DATA FOR THIS TASK -
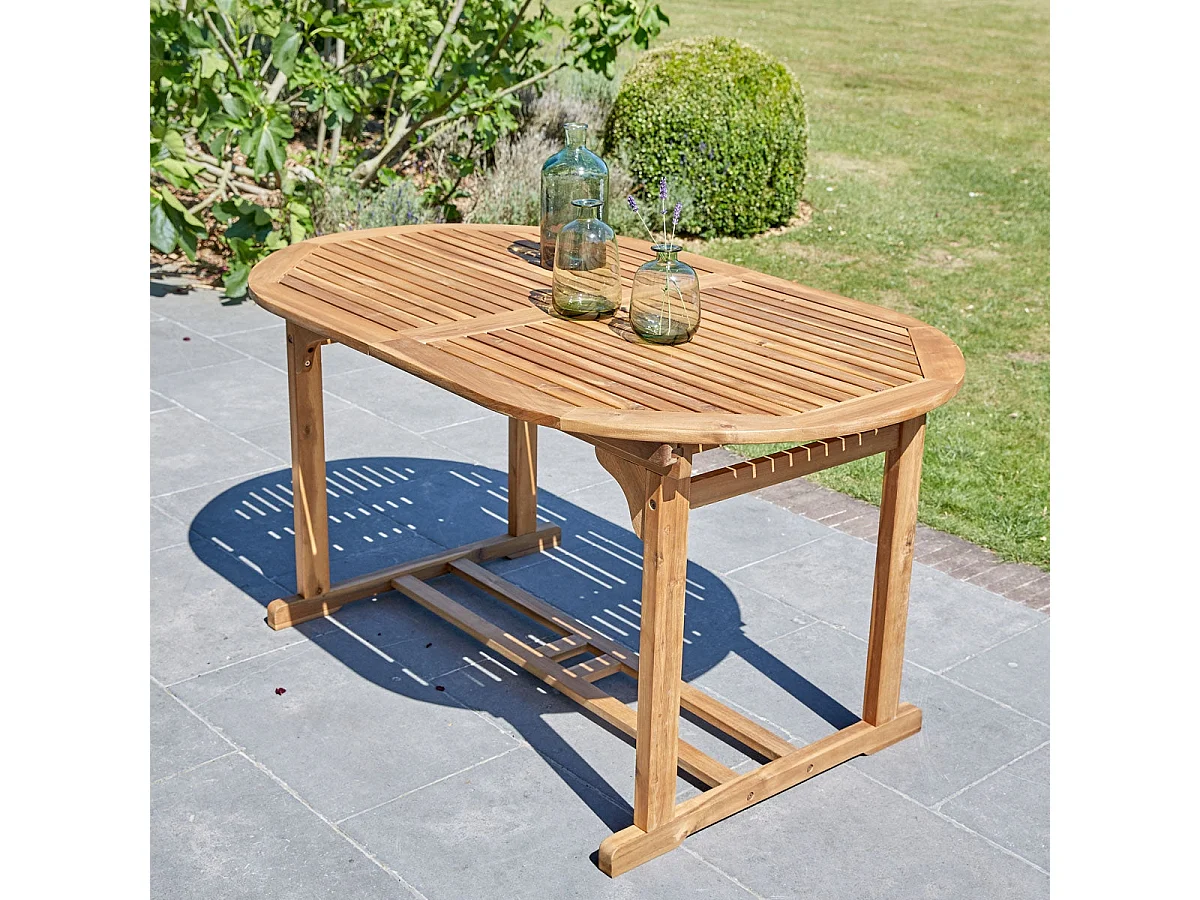 Mesa de jardín extensible ovalada de madera de acacia maciza 6/8 pers.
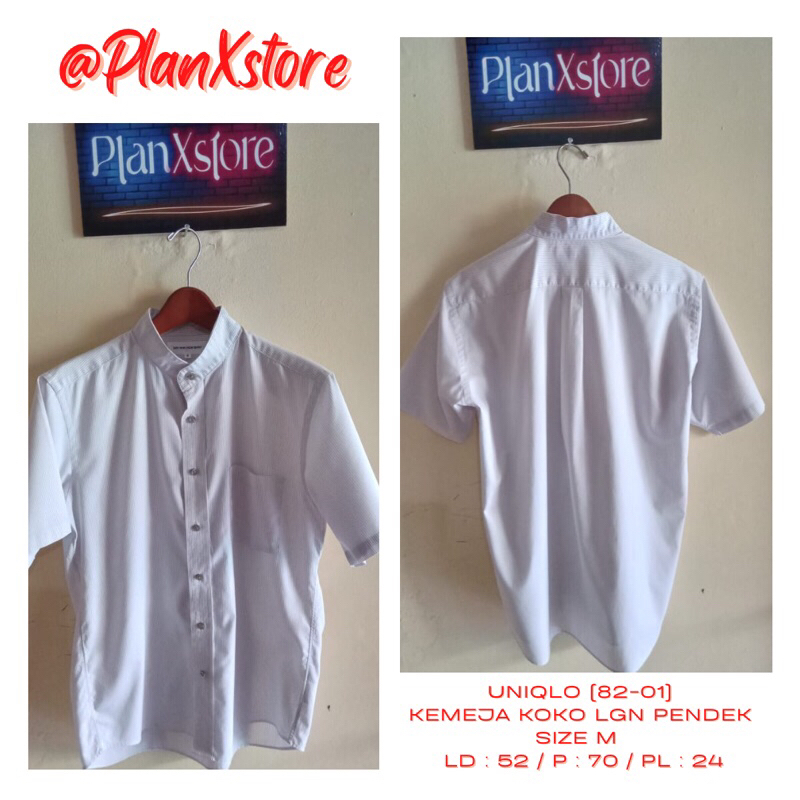 UNIQLO DRY NON IRON SHIRT (92-01) KEMEJA KOKO LENGAN PENDEK SIZE M WARNA STRIP HITAM PUTIH PRELOVED 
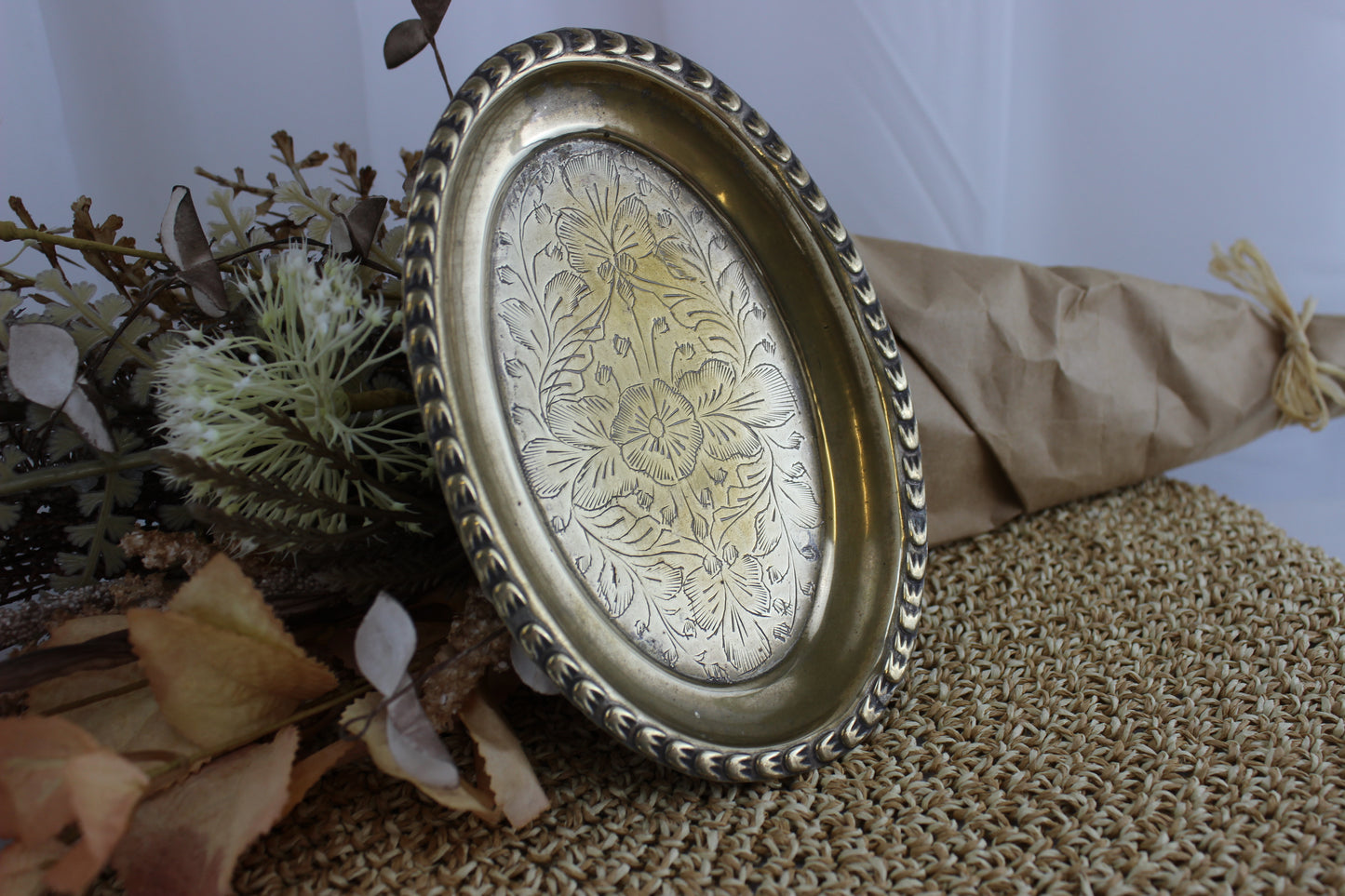 Victorian Style Trinket Tray - 1970s Silver/Brass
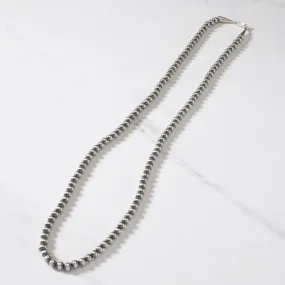 28 Single Strand 6mm Navajo Pearl USA Native American Made 925 Sterling Silver Necklace with Fox Tail Clasp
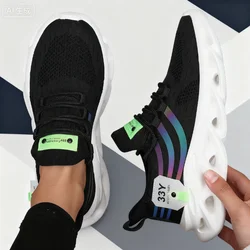 Unisex Red Lightweight Breathable Mesh Running Shoes - 45 (Black White)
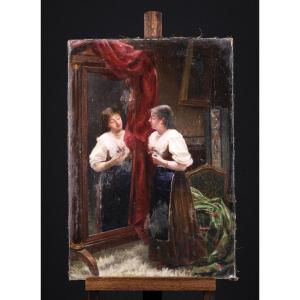 Henry Coëylas (1844–1923) – Rêverie devant le miroir,  huile sur toile vers 1880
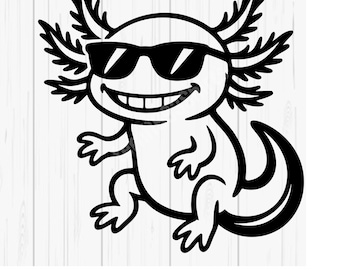 Cool Axolotl SVG PNG JPG – Axolotl with Sunglasses Vector, Funny Amphibian Digital Design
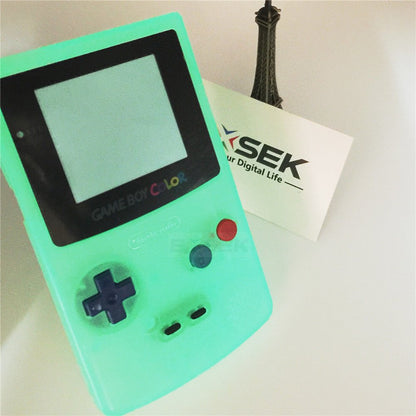 EXSEK GBC Shell Replacement Case Cover for Gameboy Color, Luminous Green Backlight, Model EXGBCLUM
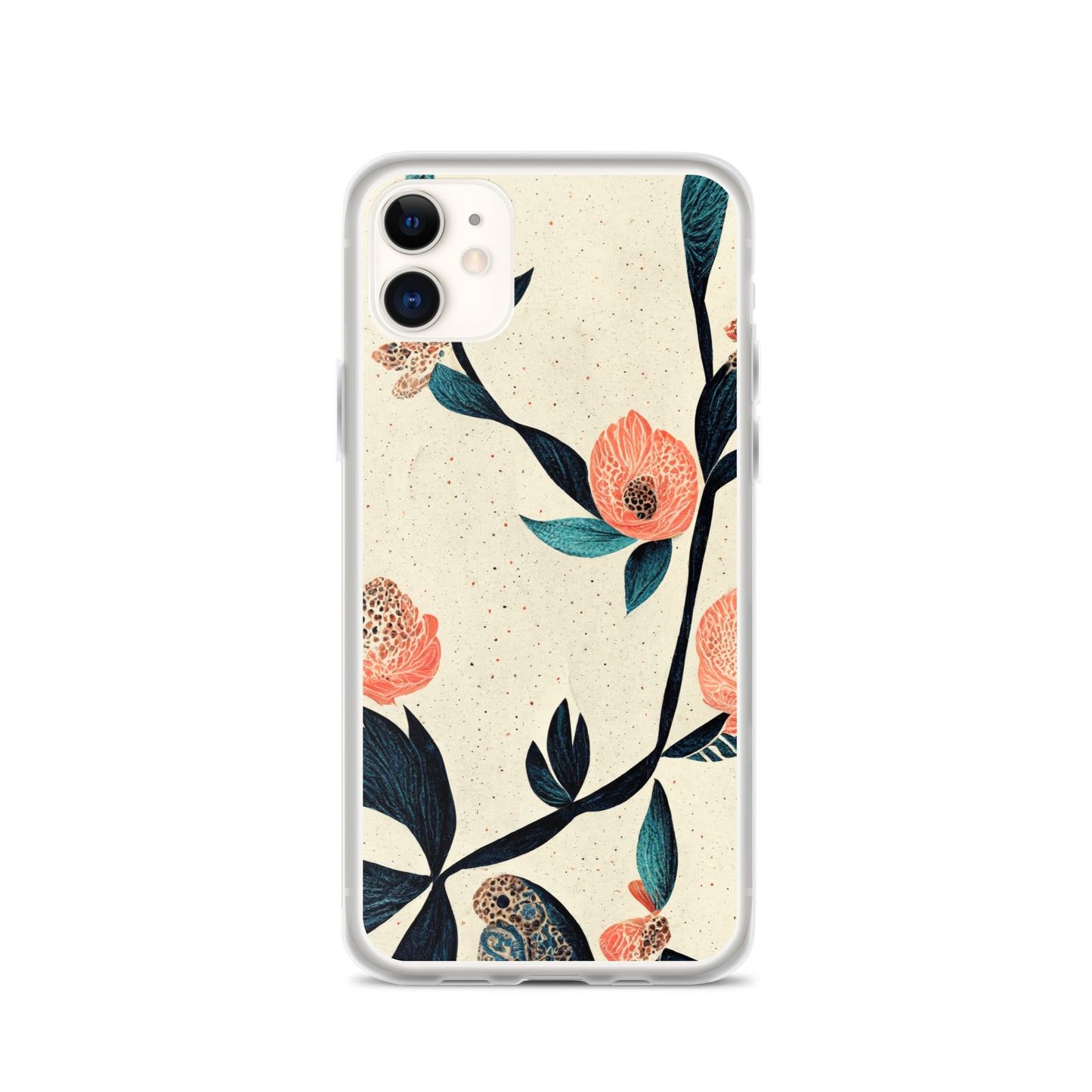 iPhone Case - Paisley Flowers on Speckled Ivory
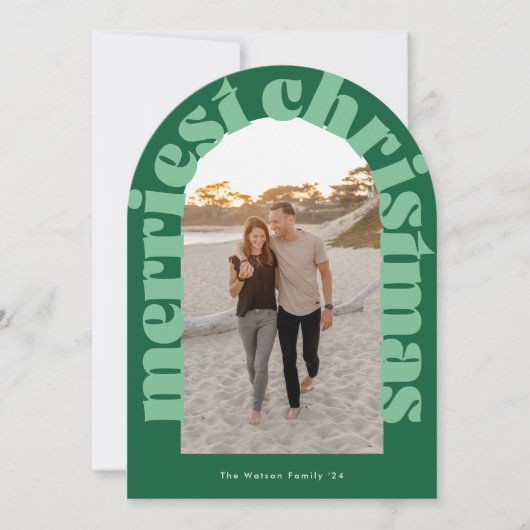 Vet Retro Groene Foto Merriest Arch Holiday Kaart (Voorkant)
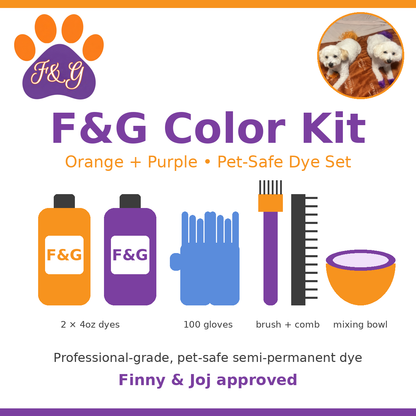 F&G Color Kit – orange and purple pet-safe dye set with gloves, brush, comb and bowl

INSTRUCTIONS TO FOLLOW - In the entries above, every line from the line with "EXSEK GBC Shell" to the line with "Vet Retro Groene" is to be printed exactly, with both ends included and pictures excluded.

TASK OUTPUT -
 EXSEK GBC Shell Replacement Case Cover for Gameboy Color, Luminous Green Backlight, Model EXGBCLUM
 iPhone Case - Paisley Flowers on Speckled Ivory
 Vet Retro Groene Foto Merriest Arch Holiday Kaart (Voorkant)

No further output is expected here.